*TO DO*. Pictures in the data below are not part of the copy; transcribe everything else exactly.

*MATERIAL PROVIDED*.
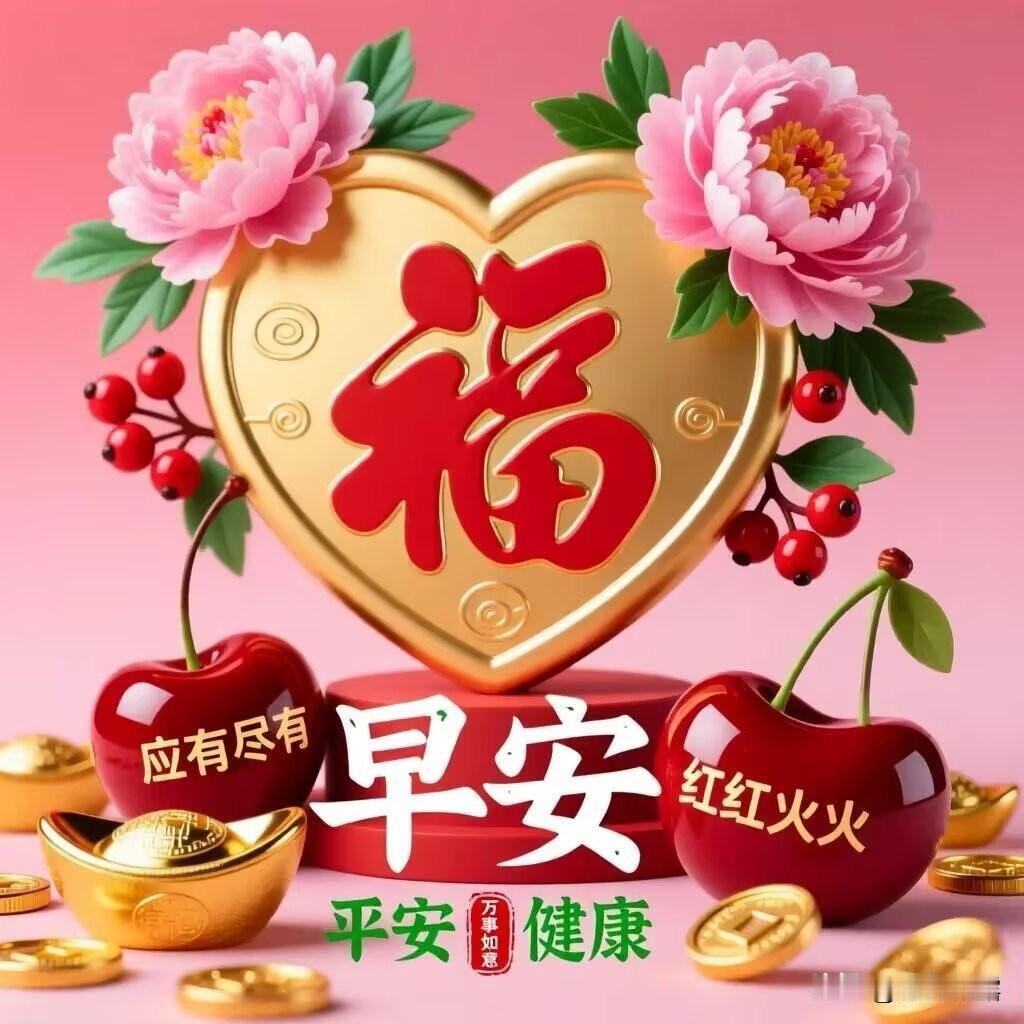 晨光温柔，岁月嫣然，好的运气从清晨开始，愿你元气满满，笑口常开，每天好心情，好运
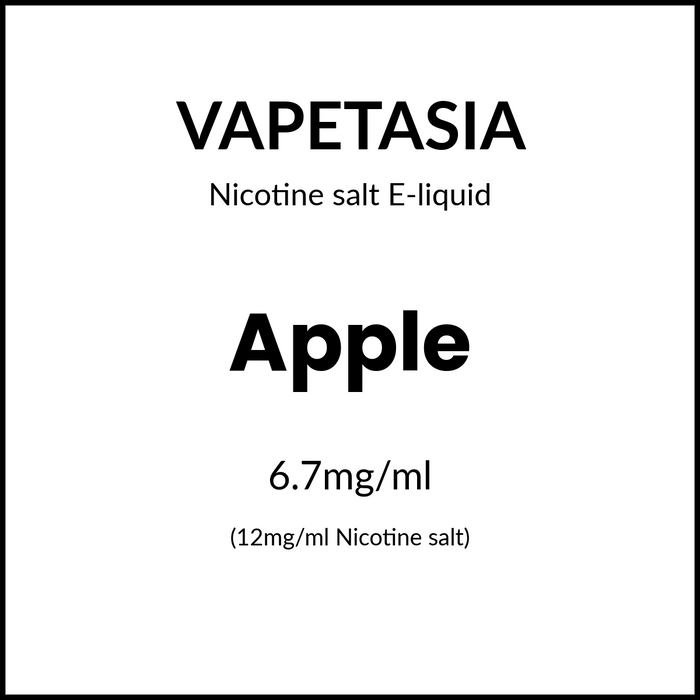 Vapetasia Killer Fruits Salts - Apple 30ml/12mg
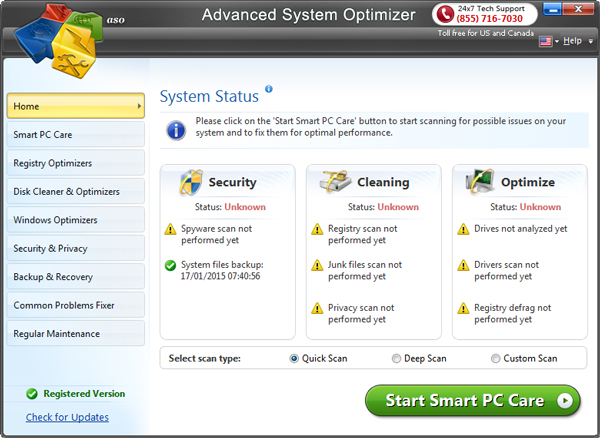 Advanced System Optimizer(系统优化工具) V3.9.11 绿色版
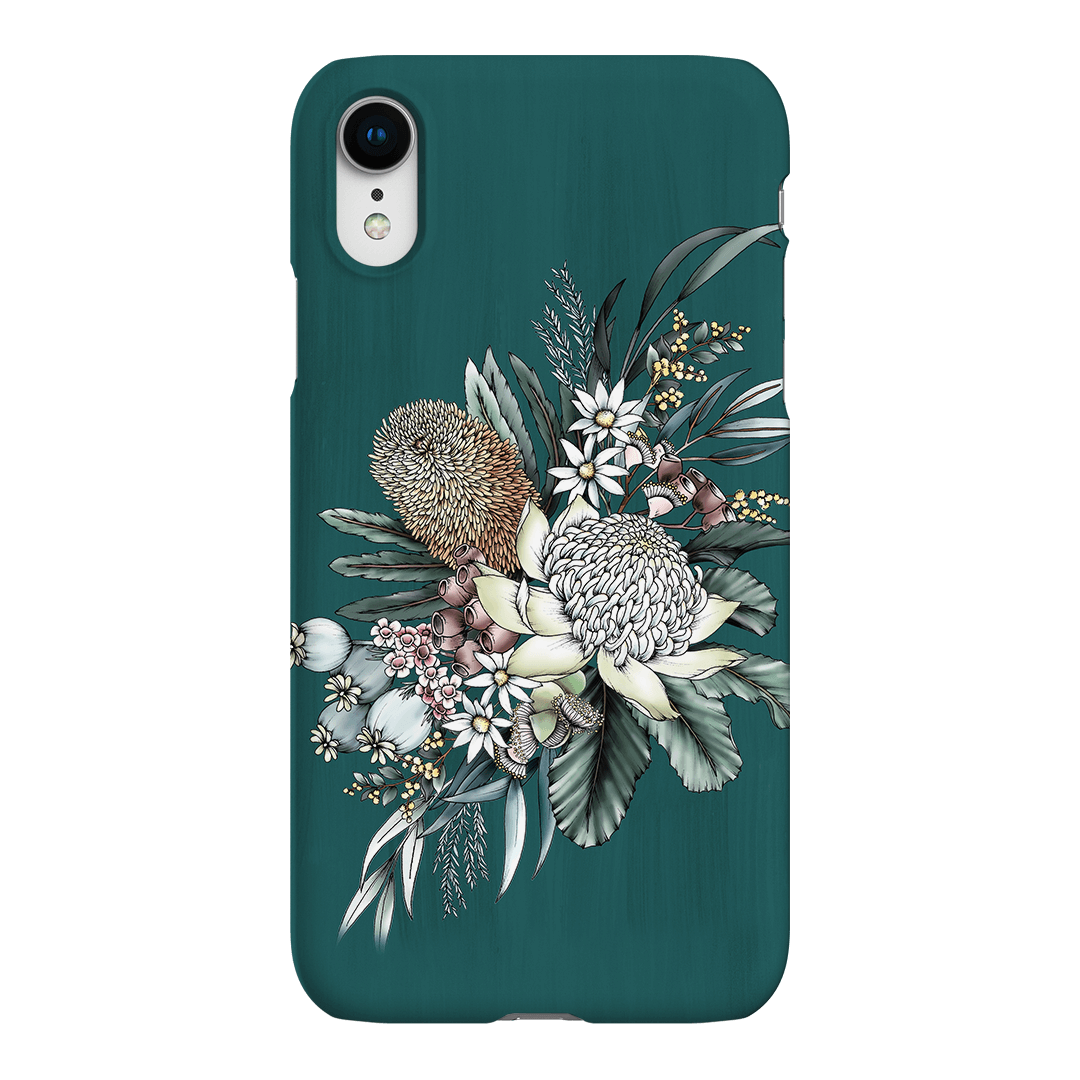 Teal Native Printed Phone Cases iPhone XR / Snap by Typoflora - The Dairy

*EXERCISE ANSWER*.
 晨光温柔，岁月嫣然，好的运气从清晨开始，愿你元气满满，笑口常开，每天好心情，好运
 Vapetasia Killer Fruits Salts - Apple 30ml/12mg
 Advanced System Optimizer(系统优化工具) V3.9.11 绿色版
 Teal Native Printed Phone Cases iPhone XR / Snap by Typoflora - The Dairy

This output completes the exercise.